## Exercise aim
All of the data below should be printed again exactly, pictures excluded.

## Data shown
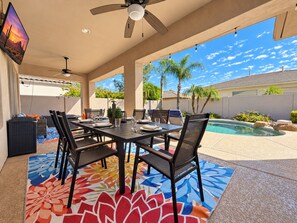 An outdoor patio with a dining table, chairs, and a pool.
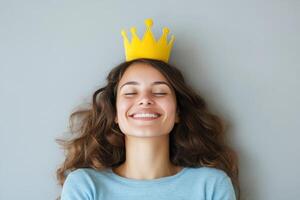 Young woman wearing a yellow crown smiles joyfully against a neutral background at a relaxed indoor setting photo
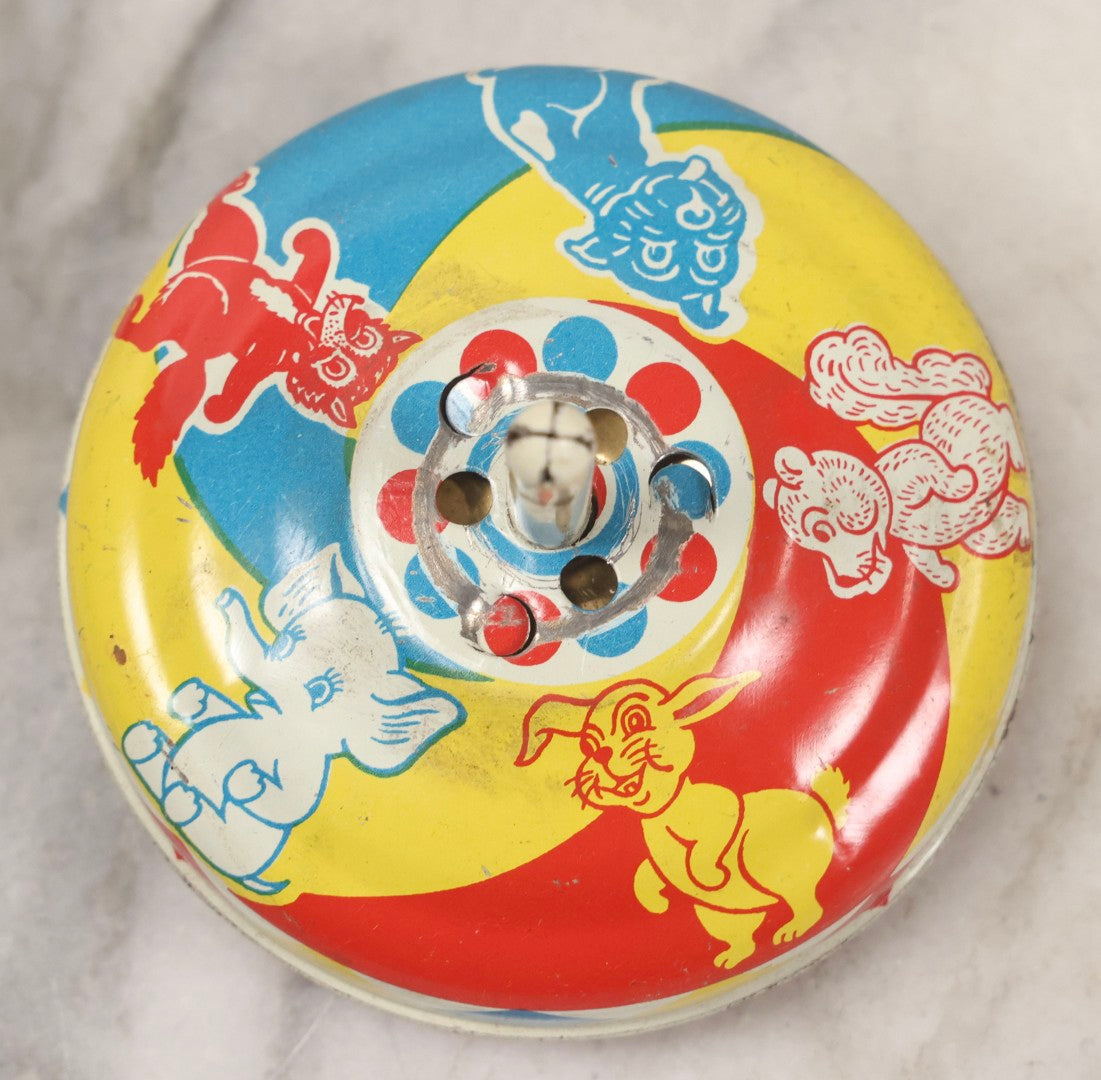 Lot 179 - Grouping Of Seven Vintage And Antique Tin Lithograph Noisemaker Toys Including Dancing Clowns, Woman In Martini Glass, Party Scenes, And Animal Top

## Answer space
 An outdoor patio with a dining table, chairs, and a pool.
 Young woman wearing a yellow crown smiles joyfully against a neutral background at a relaxed indoor setting photo
 Lot 179 - Grouping Of Seven Vintage And Antique Tin Lithograph Noisemaker Toys Including Dancing Clowns, Woman In Martini Glass, Party Scenes, And Animal Top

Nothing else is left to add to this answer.